PLAYSTUDIOS, Inc. (Nasdaq:MYPS), creator of the revolutionary playAWARDS loyalty platform, is a publisher and developer of award-winning mobile games, including the iconic Tetris® mobile app, POP! Slots, myVEGAS Slots, myVEGAS Blackjack, my KONAMI Slots, myVEGAS Bingo and MGM Slots Live. The playAWARDS loyalty platform allows players to earn real world rewards from a global collection of iconic hospitality, entertainment and leisure brands. playAWARDS partners include MGM Resorts International, Wolfgang Puck, Norwegian Cruise Line, Resorts World, IHG, Bowlero, Gray Line Tours and Hippodrome Casino, among others. Founded by a team of veteran gaming, hospitality and technology entrepreneurs, PLAYSTUDIOS apps combine the best elements of popular casual games with compelling real-world benefits. To learn more about PLAYSTUDIOS, visit www.playstudios.com.
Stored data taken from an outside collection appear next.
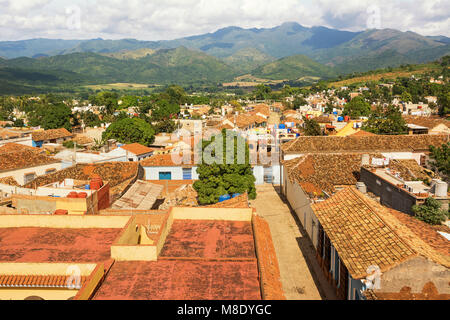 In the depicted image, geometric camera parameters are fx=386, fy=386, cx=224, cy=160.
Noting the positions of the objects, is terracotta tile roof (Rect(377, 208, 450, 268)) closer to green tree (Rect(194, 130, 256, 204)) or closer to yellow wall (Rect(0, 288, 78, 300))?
yellow wall (Rect(0, 288, 78, 300))

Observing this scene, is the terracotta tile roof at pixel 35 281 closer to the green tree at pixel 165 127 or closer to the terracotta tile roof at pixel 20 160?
the terracotta tile roof at pixel 20 160

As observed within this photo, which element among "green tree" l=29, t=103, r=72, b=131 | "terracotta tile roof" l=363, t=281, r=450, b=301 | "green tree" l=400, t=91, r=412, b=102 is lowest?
"terracotta tile roof" l=363, t=281, r=450, b=301

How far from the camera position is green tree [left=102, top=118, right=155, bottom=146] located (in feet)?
143

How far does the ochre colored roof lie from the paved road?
2541 mm

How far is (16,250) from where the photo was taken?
9.88 m

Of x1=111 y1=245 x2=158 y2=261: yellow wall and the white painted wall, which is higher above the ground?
x1=111 y1=245 x2=158 y2=261: yellow wall

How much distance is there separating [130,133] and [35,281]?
36.7 meters

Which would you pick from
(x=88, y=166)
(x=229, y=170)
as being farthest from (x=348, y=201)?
(x=88, y=166)

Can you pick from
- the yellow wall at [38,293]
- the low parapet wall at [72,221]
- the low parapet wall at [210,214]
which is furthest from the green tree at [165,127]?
the yellow wall at [38,293]

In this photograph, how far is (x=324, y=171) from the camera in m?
22.6

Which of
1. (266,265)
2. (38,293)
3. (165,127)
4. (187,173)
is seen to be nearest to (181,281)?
(266,265)

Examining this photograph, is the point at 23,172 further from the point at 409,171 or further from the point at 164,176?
the point at 409,171

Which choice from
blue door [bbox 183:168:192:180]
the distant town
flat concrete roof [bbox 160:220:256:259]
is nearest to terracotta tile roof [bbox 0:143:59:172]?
the distant town

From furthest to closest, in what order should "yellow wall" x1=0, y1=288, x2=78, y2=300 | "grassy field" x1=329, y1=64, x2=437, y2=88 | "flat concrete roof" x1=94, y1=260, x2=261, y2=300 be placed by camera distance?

This press release contains forward-looking statements within the meaning of the Private Securities Litigation Reform Act of 1995, including statements about the results of the offering and the consent solicitation. Actual results may differ materially from anticipated results, and the results reported should not be considered as an indication of future performance. Forward-looking statements include all statements that are not historical facts and can be identified by words such as “may,” “could,” “will,” “should,” “expects,” “plans,” “anticipates, “intends,” “believes,” “estimates,” “predicts,” “potential,” or “continue,” the negative of these and other comparable terms that convey uncertainty of events or future results.These forward-looking statements involve known and unknown risks, uncertainties, assumptions and other factors that may cause actual results to differ materially from the statements made in this press release, including the number of security holders. warrants who have responded and elected to participate in the Offer and Consent Solicitation; our ability to recognize the anticipated benefits of the Offer and Consent Solicitation; changes in applicable laws or regulations, including is those relating to takeover bids; and the possibility that we will be affected by legal and regulatory developments and general market, political, economic and business conditions. Other potential risks and uncertainties that could cause actual results to differ from the anticipated results include, among others, the risks and uncertainties included under the heading “Risk Factors” in our Annual Report on Form 10-K for the twelve months ended December 31, 2021, filed with the SEC on March 3, 2022 and in other documents filed with the SEC from time to time. All information provided in this press release is based on information available to us as of the date of this press release and all forward-looking statements contained in this press release are based on assumptions which we believe are reasonable as of this date. Undue reliance should not be placed on the forward-looking statements contained in this press release, which are inherently uncertain. We assume no obligation to update this information, except as required by law.